2. I livelli di realismo all’interno della riflessione epistemologica
Nell’ambito della psicologia clinica la riflessione epistemologica pone essenzialmente due grandi problematiche, ovvero come nasce e come si struttura la conoscenza, e quale rapporto esiste tra teoria e pratica all’interno di questa disciplina. In merito a ciò, si rende necessario considerare che in psicologia clinica ogni operazione conoscitiva colloca al centro della riflessione non solo l’oggetto di indagine, ma anche lo psicologo e i suoi assunti teorico-metodologici, in quanto le strategie conoscitive risultano necessariamente intersecate agli eventi osservati. In virtù di ciò, quindi, si evidenzia che “la riflessione epistemologica non è per lo psicologo un lusso da lasciare alla speculazione dotta o occasionale, dal momento che egli è comunque implicato in atti conoscitivi che lo rinviano a diverse configurazioni della realtà: a quelle del suo interlocutore e alle proprie in quanto ricercatore o clinico”(Salvini A., 1998).

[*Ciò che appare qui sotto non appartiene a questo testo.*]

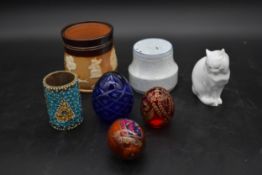 A Lambeth Doulton tobacco jar and various other items of ceramics and glass. H.12 W.10cm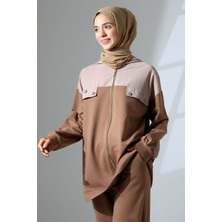 Mihran Butik Kadın Kahverengi Mevsimlik Penye Alt Üst Spor ve Rahat Tesettür Takım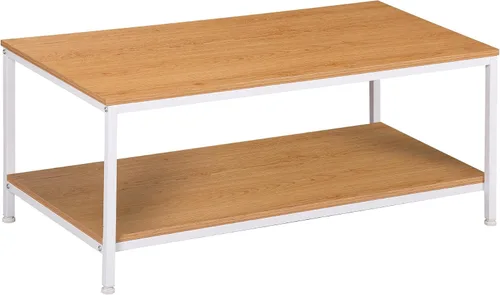 Vista 11 de SUPER DEAL - Mesa de café industrial de 2 niveles con estante de almacenamiento para apartamento pequeño, sala de estar, mesa auxiliar rectangular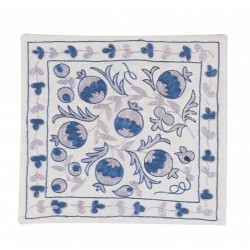Uzbek Silk Embroidery Suzani Cushion Cover. Decorative Lace Pillow Cover. 17" x 17" (42 x 42 cm)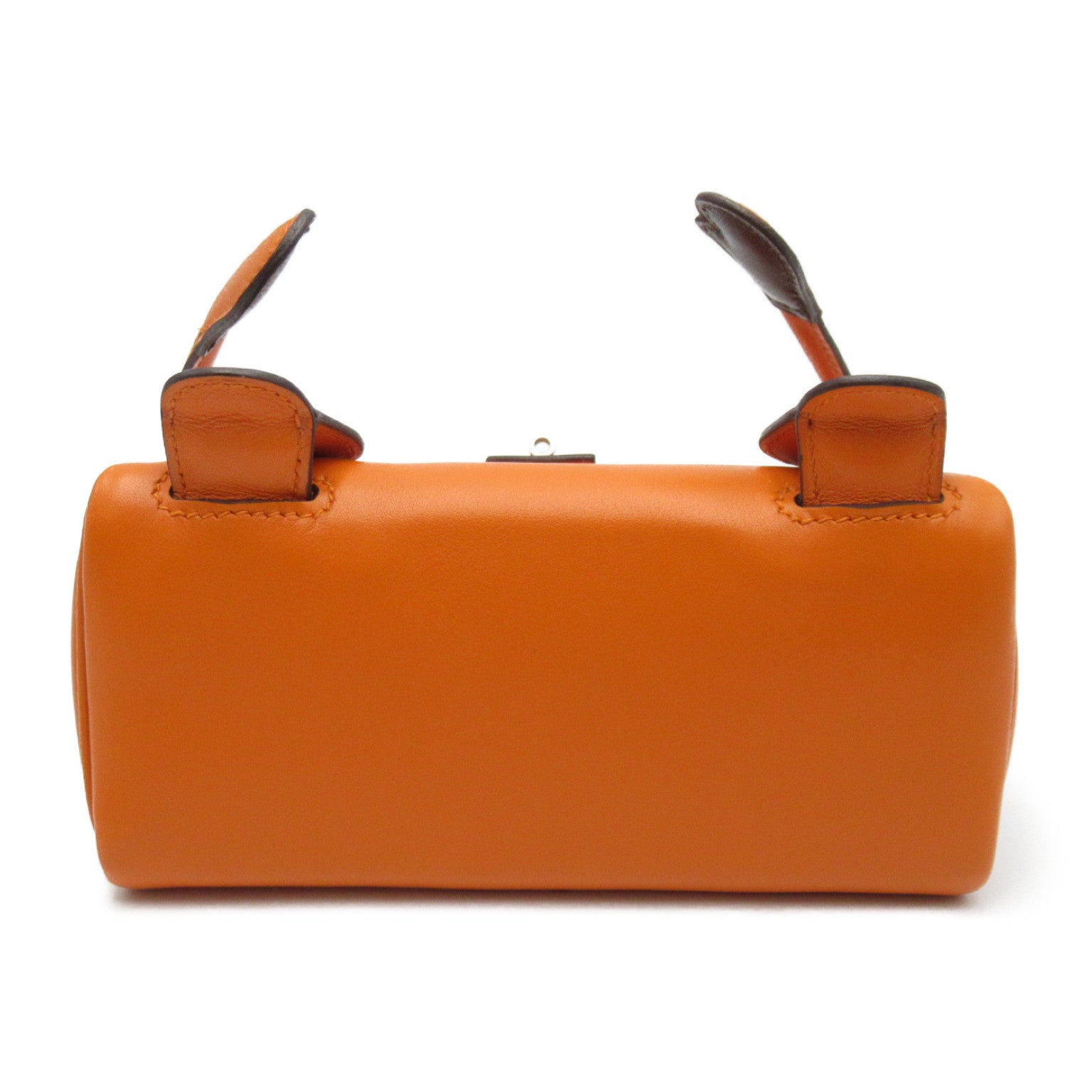HERMES 【激減優惠】Swift皮革Kelly Doll銀扣手挽袋Orange/橙色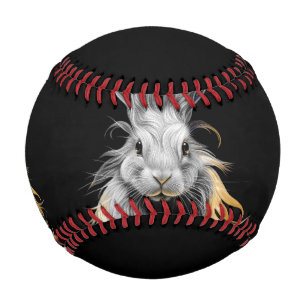 Phantastisches graues Kaninchen am Feuer Baseball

In merito a quest’ultimo aspetto si ritiene rilevante mettere in luce che, come esposto in precedenza , affinché una disciplina possa dirsi scientifica, è necessario che vi sia una riflessione epistemologica che consente di poter stabilire la fondatezza degli assunti teorici ai quali si fa riferimento e l’adeguatezza dell’argomentazione rispetto all’oggetto di indagine posto. Questa operazione di fondazione epistemologica consiste nell’inscrivere l’oggetto di indagine in una adeguata cornice conoscitiva prima che teorica, in quanto è in virtù della corretta collocazione dell’oggetto d’indagine entro il piano epistemologico a cui esso appartiene che si rende possibile operare una scelta adeguata in termini di modalità di conoscenza utilizzate e di prassi operative adottate.
In riferimento a quanto sopra delineato, attualmente la riflessione epistemologica consente di individuare tre “livelli di realismo”(Salvini A., 1998), i quali corrispondono a tre concezioni di realtà implicanti differenti modalità di conoscenza, coerenti con quanto si assume essere reale; in tal senso, quindi, a seconda del livello di realismo al quale si fa riferimento ne consegue un differente modo di conoscere in quanto, in virtù della prospettiva epistemologica attraverso cui si procede ad indagare i fenomeni, consegue una diversa configurazione della realtà.
Al fine di esplicitare quanto sopra delineato, si procederà ora a fornire una definizione delle assunzioni epistemologiche su cui si basano i cosiddetti livelli di realismo, ovvero dei presupposti sui quali si basa la conoscenza scientifica. I livelli di realismo individuati sono denominati “realismo monista”, “realismo ipotetico” e “realismo concettuale”.
A livello di “realismo monista” (ontologico, o ‘ingenuo’) si assume che la realtà ‘c’è’ in quanto data a livello ontologico. Entro tale livello di realismo l’oggetto di conoscenza viene individuato come ente fattuale, il quale esiste a prescindere dal conoscente e dalle categorie di conoscenza utilizzate, e l’obiettivo della conoscenza scientifica riguarda l’essenza dell’oggetto, la conoscenza della realtà ultima, con la quale la conoscenza stessa è perfettamente sovrapponibile. In virtù di ciò, l’osservazione è intesa come la fotografia di una realtà esistente di per sè, indipendentemente dal processo di osservazione, in modo tale che vi è un rapporto di isomorfismo tra conoscenza e realtà.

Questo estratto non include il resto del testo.